Frankfurt could also become just the third team in history to win the Europa League without losing a single game, with Glasner overseeing a 12-game unbeaten streak in the tournament so far.
Here, Sports Mole takes a closer look at Die Adler's route to the final.
GROUP D - WINNERS
The German side took seven points from their opening three games, although they needed a last-gasp Goncalo Paciencia penalty to make it past Antwerp on matchday two.
The Portuguese would also be the thorn in Antwerp's side later on in the group, netting a 94th-minute equaliser to force a 2-2 draw with the Belgian side at the Deutsche Bank Park.
Doing the double over Olympiacos and taking two points off Fenerbahce saw Frankfurt top the group with 12 points from a possible 18 - three clear of the Greek runners-up and advancing to the last-16 in the process.
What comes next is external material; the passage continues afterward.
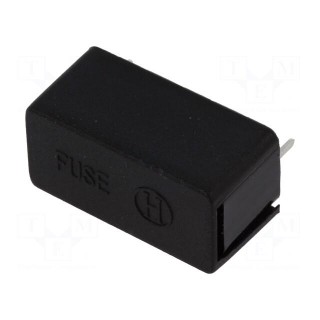 Fuse holder with cover | cylindrical fuses | 5x20mm | 6A | black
LAST-16 - FRANKFURT 3-2 REAL BETIS
With Manuel Pellegrini's Real Betis side proving a tough nut to crack this term, Frankfurt's trip to the Benito Villamarin was to be anything but straightforward, although Filip Kostic got them off to the perfect start after just 14 minutes.
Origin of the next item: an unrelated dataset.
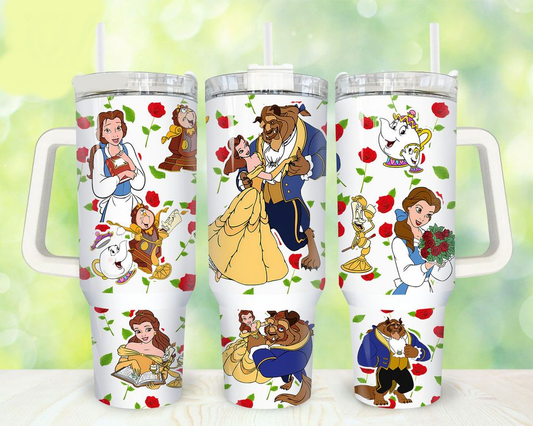 Beauty And The Beast 40 Oz Tumbler Belle Dancing Characters Roses Pattern Tumbler 40 Oz Colorful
Betis forced extra-time when Borja Iglesias netted in the 90th minute, but with penalties looming, Guido Rodriguez and Rui Silva's mix-up saw the former turn into his own net with no less than 120 minutes on the clock to send Frankfurt through.
QUARTER-FINALS - FRANKFURT 4-3 BARCELONA
A Barcelona side with a renewed sense of confidence under Xavi entered the Europa League as one of the favourites to go all of the way in the tournament after dropping down from the Champions League.
However, Kostic's brace and Rafael Borre's effort saw Frankfurt stun the Catalans into silence, and while Barcelona responded in added time through Memphis Depay and Sergio Busquets, it was no use against Glasner's juggernaut.
SEMI-FINALS - FRANKFURT 3-1 WEST HAM
Frankfurt had purchased their tickets to the London Stadium for one of the most famous European nights in West Ham's history, but Glasner's side played party poopers after less than a minute in the English capital.
Knauff was allowed to drift away at the back post and finish before Michail Antonio's strike just crossed the line - despite the efforts of a scrambling Kevin Trapp - although Kamada had the simple task of walking the ball into the net to restore Frankfurt's one-goal first-leg lead.
Red cards for Aaron Cresswell and David Moyes only increased the gradient in West Ham's uphill battle during the second leg, and an insurance goal from Borre ensured that Die Adler would travel back to Seville to compete in the final.